Busta Rhymes - Okayplayer

Busta Rhymes

by dantana
13 years ago


It’s almost a miracle The Big Bang saw the light of day. With the slew of big-named artists signed to Aftermath who never reached a release date (Rakim anybody?), it was almost safe to assume Busta Rhymes’ seventh studio opus would be released in two-thousand-and-never. But low and behold, The Big Bang is not only Busta’s best album in almost a decade, it’s also one of the best Aftermath releases in several years. Unfortunately, it still suffers from several sub-par and just plain bad songs.

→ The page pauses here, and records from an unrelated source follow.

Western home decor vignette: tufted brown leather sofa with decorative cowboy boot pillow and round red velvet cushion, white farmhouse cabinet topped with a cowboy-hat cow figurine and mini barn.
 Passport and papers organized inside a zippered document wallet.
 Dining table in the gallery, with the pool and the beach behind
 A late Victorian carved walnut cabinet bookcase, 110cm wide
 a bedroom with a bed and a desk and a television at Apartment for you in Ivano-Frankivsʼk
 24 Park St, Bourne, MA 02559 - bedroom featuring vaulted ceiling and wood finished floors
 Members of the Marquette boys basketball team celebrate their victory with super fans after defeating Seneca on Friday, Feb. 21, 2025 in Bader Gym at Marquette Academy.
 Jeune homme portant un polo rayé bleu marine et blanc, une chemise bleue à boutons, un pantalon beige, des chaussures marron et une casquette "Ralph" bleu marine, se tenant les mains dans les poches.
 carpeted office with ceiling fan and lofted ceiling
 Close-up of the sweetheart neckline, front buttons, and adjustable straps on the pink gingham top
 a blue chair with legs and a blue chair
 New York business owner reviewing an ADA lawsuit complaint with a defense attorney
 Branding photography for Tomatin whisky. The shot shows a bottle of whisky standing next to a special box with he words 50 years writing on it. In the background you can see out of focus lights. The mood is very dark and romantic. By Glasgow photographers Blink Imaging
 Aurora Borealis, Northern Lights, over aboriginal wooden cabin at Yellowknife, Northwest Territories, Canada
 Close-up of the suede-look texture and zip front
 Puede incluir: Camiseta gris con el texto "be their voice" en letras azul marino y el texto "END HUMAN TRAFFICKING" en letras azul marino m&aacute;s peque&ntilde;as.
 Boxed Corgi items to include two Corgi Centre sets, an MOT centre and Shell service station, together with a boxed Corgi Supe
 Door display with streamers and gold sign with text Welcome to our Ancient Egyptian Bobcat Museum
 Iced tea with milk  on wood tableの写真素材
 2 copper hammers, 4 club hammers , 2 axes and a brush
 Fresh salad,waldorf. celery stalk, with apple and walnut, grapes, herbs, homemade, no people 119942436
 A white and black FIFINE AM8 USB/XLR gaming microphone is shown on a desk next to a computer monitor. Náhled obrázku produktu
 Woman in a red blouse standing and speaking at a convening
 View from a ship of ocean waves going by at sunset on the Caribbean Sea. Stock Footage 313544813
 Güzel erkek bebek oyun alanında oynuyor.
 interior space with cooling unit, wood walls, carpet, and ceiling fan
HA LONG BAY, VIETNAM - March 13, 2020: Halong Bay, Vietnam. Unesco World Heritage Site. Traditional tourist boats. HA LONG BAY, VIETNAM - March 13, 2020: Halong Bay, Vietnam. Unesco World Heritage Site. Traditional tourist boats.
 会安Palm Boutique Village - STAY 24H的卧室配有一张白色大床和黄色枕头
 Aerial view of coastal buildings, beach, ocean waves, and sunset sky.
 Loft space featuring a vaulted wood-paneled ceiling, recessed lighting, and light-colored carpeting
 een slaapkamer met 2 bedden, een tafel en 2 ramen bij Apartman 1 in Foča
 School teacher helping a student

“New York Shit,” produced by DJ Scratch, is a beautifully sampled flute-driven track that finds Busta repping his hometown. Despite its head-nodding mid ‘90s appeal, Swizz Beatz manages to destroy some of that with his obnoxious chorus. “You Can’t Hold The Torch,” produced by the late J Dilla, is the glorious reunion with Q-Tip that finds both MCs criticizing the current state of hip-hop over a beat that recalls the good ol’ Tribe Called Quest days. Somewhat hypocritically though, both MCs, along with Floetry’s Marsha, deliver the shallow braggadocio of “Get You Some,” an epic Dr. Dre-produced ode to material possession. It hurts to hear these artists making this sort of song.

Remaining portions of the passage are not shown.